Oh, Alastair, that was too easy. Just insert 'martin canada hate us words' into google... here's a couple examples, and another link of Canadian bloggers... There are many! We LOVE Canada, and go there frequently (Vancouver and Victoria in BC)...the people themselves seem to like Americans, but the people they elect seem not to....
blogscanada.ca Canadian blogs
Then here is another....
Damn Americans December 22, 2005 Why our politicians love to hate those bastards, but then always back down
macleans.ca TONY KELLER
American ambassador to Canada David Wilkins comes from swampy South Carolina, so he presumably knows a little folk wisdom about quicksand. Quicksand Rule Number 2: the harder you struggle, the deeper you sink. Rule Number 1: to avoid having to remember Rule Number 2, don't walk into quicksand. Maybe he just forgot.
It all started two weeks ago, when Prime Minister Paul Martin took some very public shots at the Bush administration over global warming -- criticisms meant to sway Canadian voters, not White House policy. But if the Americans chose to respond, giving him a stage on which to engage in a little more anti-American posturing, so much the better.
Wilkins saw the quicksand and jumped in with both feet. "It may be smart election-year politics to thump your chest and constantly criticize your friend and your No. 1 trading partner," he said in a pointed speech last Tuesday. "But it is a slippery slope." A slope Martin was only too happy to ride. The Prime Minister got a decided bump in the polls after Wilkins's remarks and his response -- "I am not going to be dictated to" -- made headlines.
Even Stephen Harper called Wilkins's intervention "inappropriate," adding, "I don't think foreign ambassadors should be expressing their views or intervening in an election." That's diplomatese for, "Shut up.
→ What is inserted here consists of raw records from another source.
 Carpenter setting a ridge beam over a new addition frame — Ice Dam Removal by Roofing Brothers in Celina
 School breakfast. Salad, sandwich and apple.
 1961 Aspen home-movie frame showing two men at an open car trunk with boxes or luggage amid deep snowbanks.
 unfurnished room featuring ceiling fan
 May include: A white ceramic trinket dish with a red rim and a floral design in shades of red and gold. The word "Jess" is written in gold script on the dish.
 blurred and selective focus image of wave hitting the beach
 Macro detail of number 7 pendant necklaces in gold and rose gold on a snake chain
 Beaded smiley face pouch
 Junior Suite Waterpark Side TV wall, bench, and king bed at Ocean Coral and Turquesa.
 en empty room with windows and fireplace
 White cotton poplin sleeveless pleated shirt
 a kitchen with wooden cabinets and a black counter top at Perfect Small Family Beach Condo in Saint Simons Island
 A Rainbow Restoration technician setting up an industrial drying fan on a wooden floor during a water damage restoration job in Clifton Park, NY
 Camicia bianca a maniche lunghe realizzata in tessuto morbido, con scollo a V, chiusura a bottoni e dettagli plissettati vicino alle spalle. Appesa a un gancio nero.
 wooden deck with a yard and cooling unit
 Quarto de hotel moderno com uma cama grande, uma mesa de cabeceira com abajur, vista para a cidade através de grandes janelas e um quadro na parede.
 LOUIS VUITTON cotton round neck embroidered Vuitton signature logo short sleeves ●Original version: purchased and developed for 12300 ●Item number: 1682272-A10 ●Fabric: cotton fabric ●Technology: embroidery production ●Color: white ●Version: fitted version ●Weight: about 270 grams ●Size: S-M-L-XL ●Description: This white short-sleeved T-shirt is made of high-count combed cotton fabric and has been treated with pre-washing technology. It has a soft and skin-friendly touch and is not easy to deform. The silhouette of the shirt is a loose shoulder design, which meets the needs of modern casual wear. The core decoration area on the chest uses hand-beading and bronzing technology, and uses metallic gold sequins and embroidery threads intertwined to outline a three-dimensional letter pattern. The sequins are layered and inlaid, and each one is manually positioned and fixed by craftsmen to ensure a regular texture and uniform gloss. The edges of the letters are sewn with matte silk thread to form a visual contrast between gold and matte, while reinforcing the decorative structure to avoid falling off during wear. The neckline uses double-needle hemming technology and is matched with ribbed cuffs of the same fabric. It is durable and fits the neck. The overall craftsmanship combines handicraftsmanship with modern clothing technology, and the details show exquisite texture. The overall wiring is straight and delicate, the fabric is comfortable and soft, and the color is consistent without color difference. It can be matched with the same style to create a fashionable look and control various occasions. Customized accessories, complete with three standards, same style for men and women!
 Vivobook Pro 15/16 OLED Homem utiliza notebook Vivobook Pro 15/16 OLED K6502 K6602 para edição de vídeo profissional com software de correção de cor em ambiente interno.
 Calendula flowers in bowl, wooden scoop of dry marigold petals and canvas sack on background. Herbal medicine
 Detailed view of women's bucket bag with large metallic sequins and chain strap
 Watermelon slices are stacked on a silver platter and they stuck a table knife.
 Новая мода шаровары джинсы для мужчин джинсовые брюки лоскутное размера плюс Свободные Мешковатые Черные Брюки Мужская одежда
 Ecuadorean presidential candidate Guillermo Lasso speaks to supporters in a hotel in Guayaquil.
Please." The Liberals love to insinuate that Harper is too pro-American, so an election where Martin gets to act as if he's running against George W. Bush cannot help Harper.
But running against the U.S. President, and more generally against the United States, is not a new idea, nor is it uniquely Canadian. America is the superpower, after all, and what better way to demonstrate your courage and independence than by standing up to the biggest kid on the block? And the more powerful America becomes, or is seen to become, the more value some may find in bashing it. Gerhard Schröder won the German election in 2002 by casting Bush as his opponent. The strategy was so successful that he trotted it out again this year, and nearly retained the chancellorship, despite starting the campaign far behind in the polls. Brazil's Luiz Inácio Lula da Silva scored a landslide victory in the 2002 presidential election in part by attacking the Free Trade Area of the Americas as a kind of American plot. In France, accusing someone of wanting to introduce an "Anglo-Saxon" economic model is as serious a charge as accusing a Canadian politician of wanting to introduce "American-style" health care.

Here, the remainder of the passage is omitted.